The European Commission (EC) has asked for information from major oil trading houses such as Glencore, Vitol, Gunvor and Mercuria in connection with its investigation into the alleged oil price rigging by oil companies. The commission questioned the trading houses over allegations that major oil companies colluded to manipulate the prices of oil and petrol over a decade.
The EC raided the offices of oil majors Shell, BP and Norway's Statoil. The companies were suspected to have made internal arrangements to manipulate the published prices for a number of oil and biofuel products and prevented others from participating in the price assessment process.
The oil companies confirmed the investigation and said they are cooperating with the commission.
Commodity traders such as Vitol, Gunvor, Mercuria and Glencore account for a huge proportion of the world's oil trade.
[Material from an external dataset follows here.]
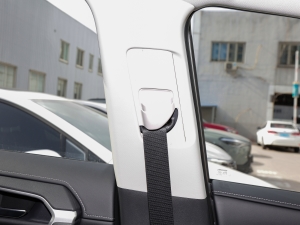 2022p 2.5L CVT򌾫ӢPlus g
It was not clear that these trading houses are under investigation.
Announcing its investigation, the Commission noted that even small irregularities in the market would result "huge impact on the prices of crude oil, refined oil products and biofuels purchases and sales, potentially harming final consumers''.
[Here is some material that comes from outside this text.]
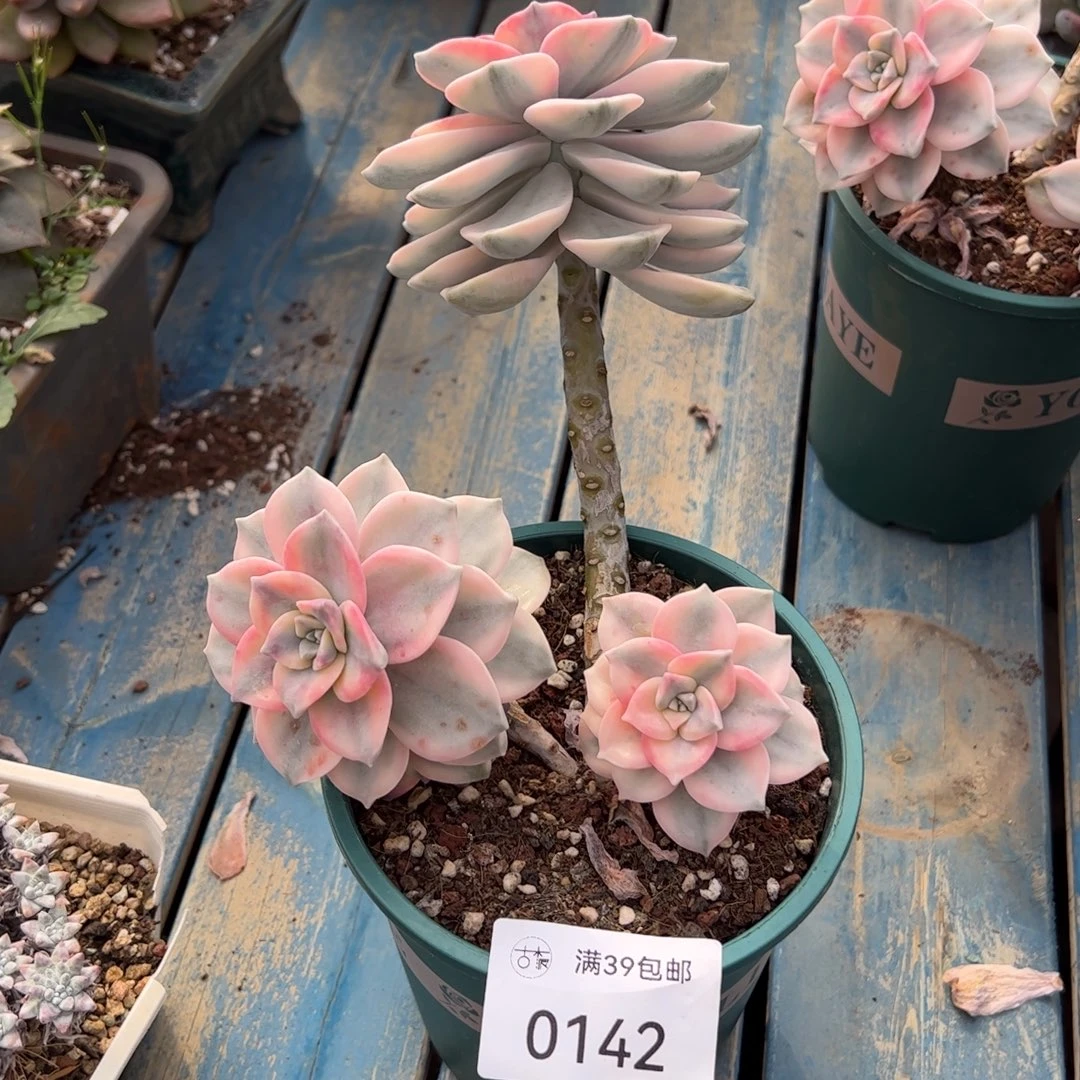 0142多肉植物老桩多肉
The prices of petrol and other oil and biofuel-related products are calculated based on a number of benchmarks such as Brent crude. The benchmark rate is calculated using data provided by firms such as oil companies, banks and hedge funds that trade oil on a regular basis. The EC suspects that certain data submissions by the oil firms were fraudulent.
Britain's Serious Fraud Office is also considering launching a criminal inquiry into the alleged price rigging.